With Q for volumetric flow rate, w fracture’s width normal to flow direction, eh hydraulic aperture, T hydraulic transmissivity of the fracture, Re Reynolds number, ρ density of the fluid, u fluid velocity, \(\overline{a}\) mean aperture.

For the one-dimensional laminar flow of incompressible flow (water), Darcy’s law may be applied inside rock fractures:

$$Q = - k\frac{1}{\mu }\frac{A}{L}\Delta P$$
(9)

where A fracture’s area perpendicular to flow and k permeability (m2) of fracture.

For low flow rates (low fluid velocity), we can assume linear flow, with flow rate proportional to pressure gradient. For higher fluid velocities (e.g., near injection point) non-linear law should describe the flow rather than Darcy’s law.

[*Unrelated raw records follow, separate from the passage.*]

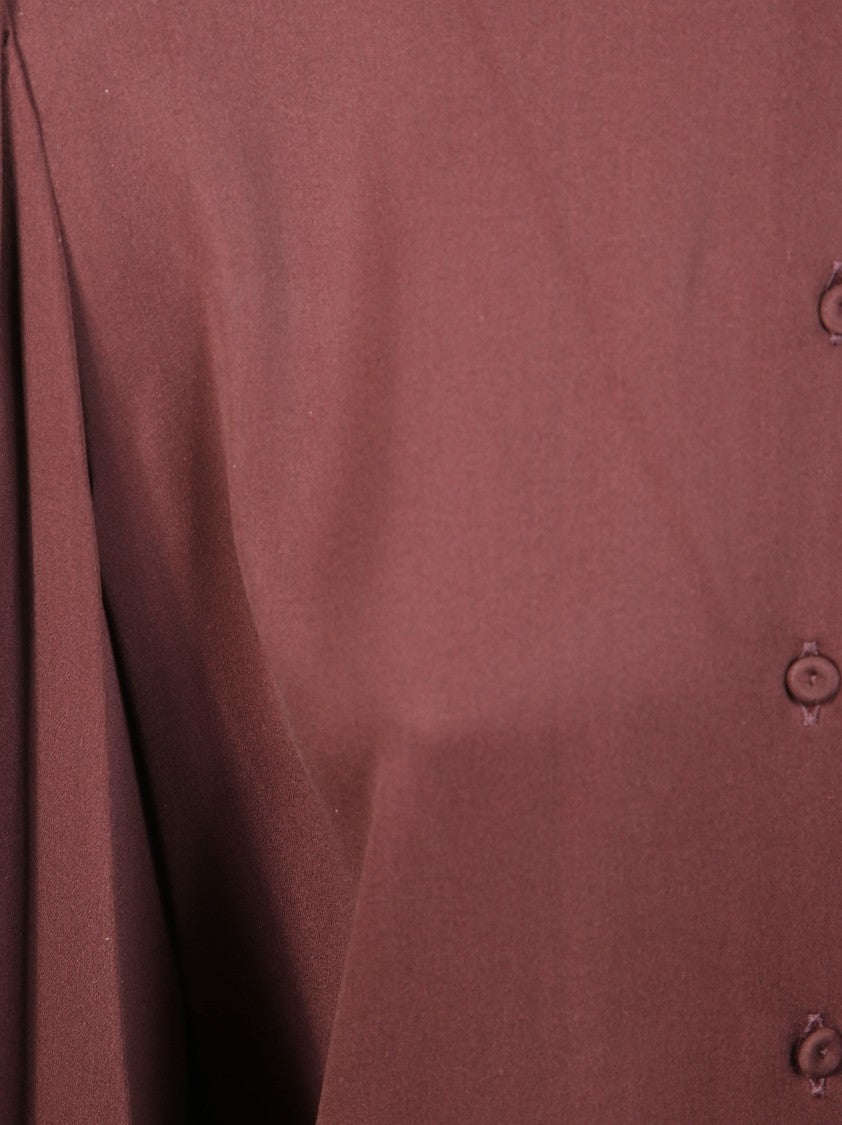Max Mara High Neck Tie Detail Blouse With Buttoned Cuffs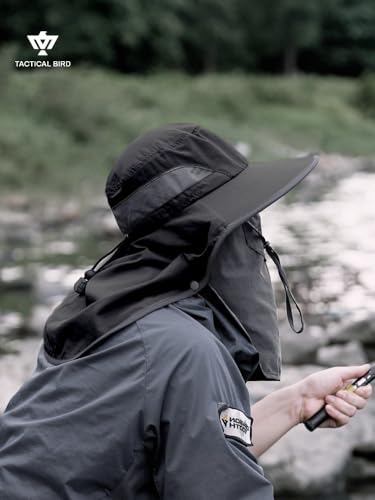 Fishing Hat, Men's Sun Hat, Anti-UV Sun Protection Wide Brim Fisherman Hat with Neck & Face Flap Cover, XL - color: Black, size: Large-X-Large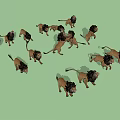 Group of Active Reptiles Running on Green Background in Natural Scene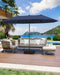 15Ft Patio Umbrella with Base Include, Large Outdoor Double-Sided Rectangle Umbrella with Easy Crank Handle for Poolside, Garden & Deck - Navy Blue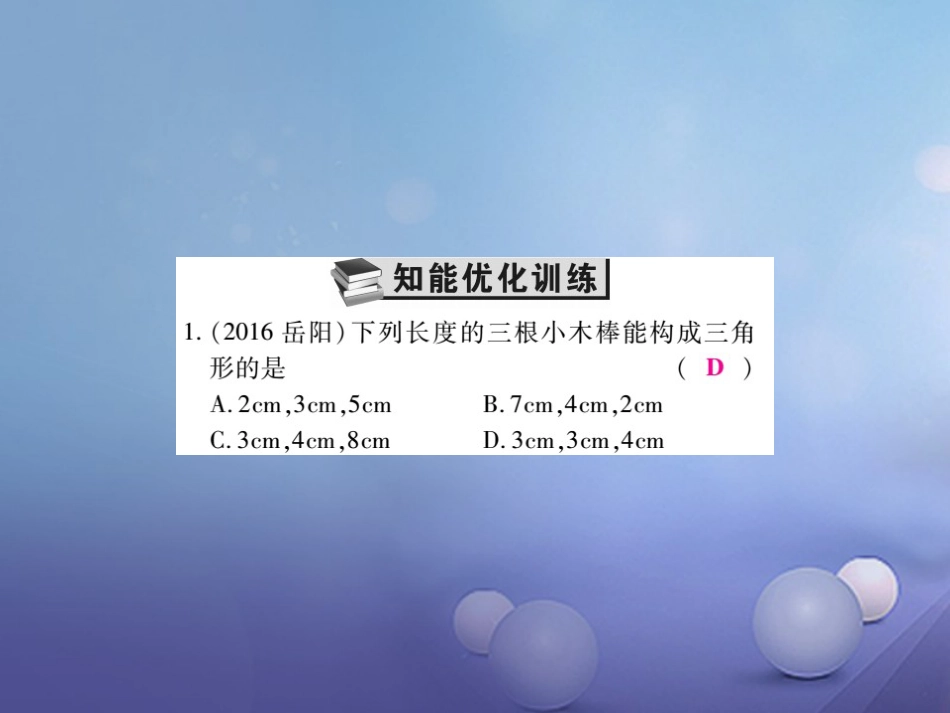 中考数学总复习 第一轮 基础知识复习 第四章 图形的认识及三角形 第讲 三角形及其性质（练册本）课件_第3页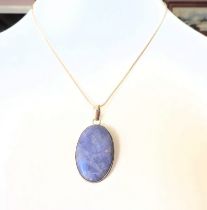 Artisan Sterling Silver Chunky Blue Agate Necklace With Gift Box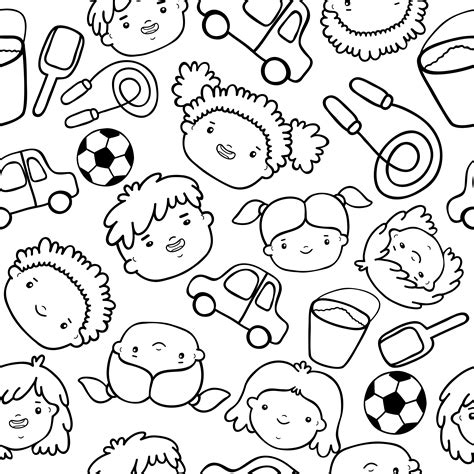 Doodle kids faces pattern 429347 Vector Art at Vecteezy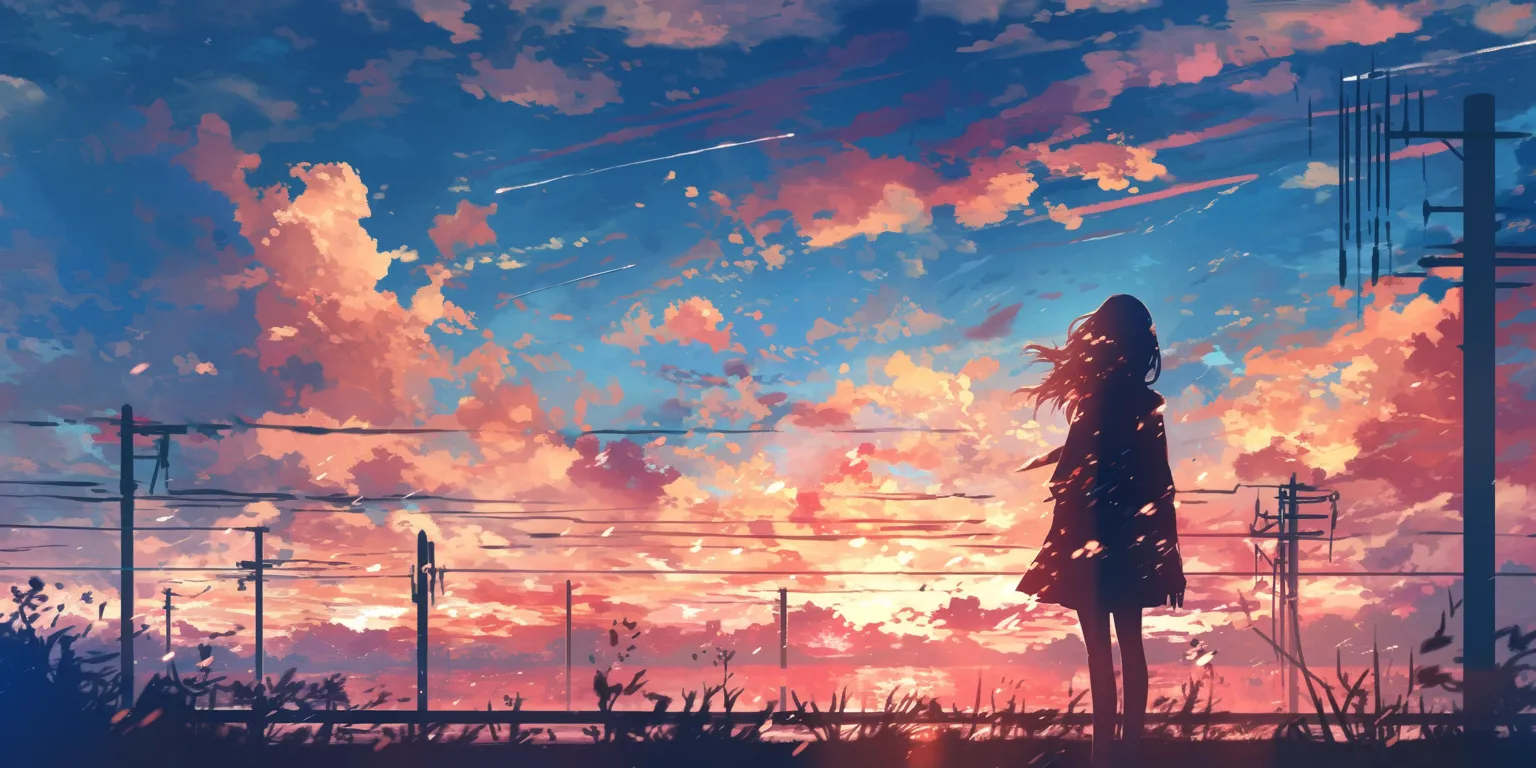 anime background sunset, flcl, 2560x1440, 3440x1440, sky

Fracture permeability (from Eqs. (7) to (9) – assuming that pressure gradient exists only towards fracture’s length L) can also be written as:

$$k = \frac{{a^{2} }}{12}$$
(10)

The fracture’s aperture does not remain constant, as suggested by the parallel plate model, even for short sections along the flow path. Aperture distribution in fractures follows one of three types of distributions: normal ((Lee and Cho 2002, Su et al. 2020), power-law (Marrett et al. 1999), or log-normal (Snow 1970, Hakami and Nick Barton 1990, Renshaw 1995, Keller 1998)). In a flow model, the representation of fractures becomes more critical as the aperture distribution becomes narrower (i.e., with a lower standard deviation). Neglecting their presence can lead to inaccurate flow simulations (Gong and Rossen 2017).

3 Materials and Methods

3.1 Sandstone Fractured Core Samples

For our study, we collected sandstone samples rich in calcite from the Mesohellenic basin located in the North-West region of Greece. This formation is chronologically part of the Miocene period and is known to have potential hydrocarbon reserves (Kontopoulos et al. 1999). The sandstone blocks used in this experiment were obtained from surface outcrops.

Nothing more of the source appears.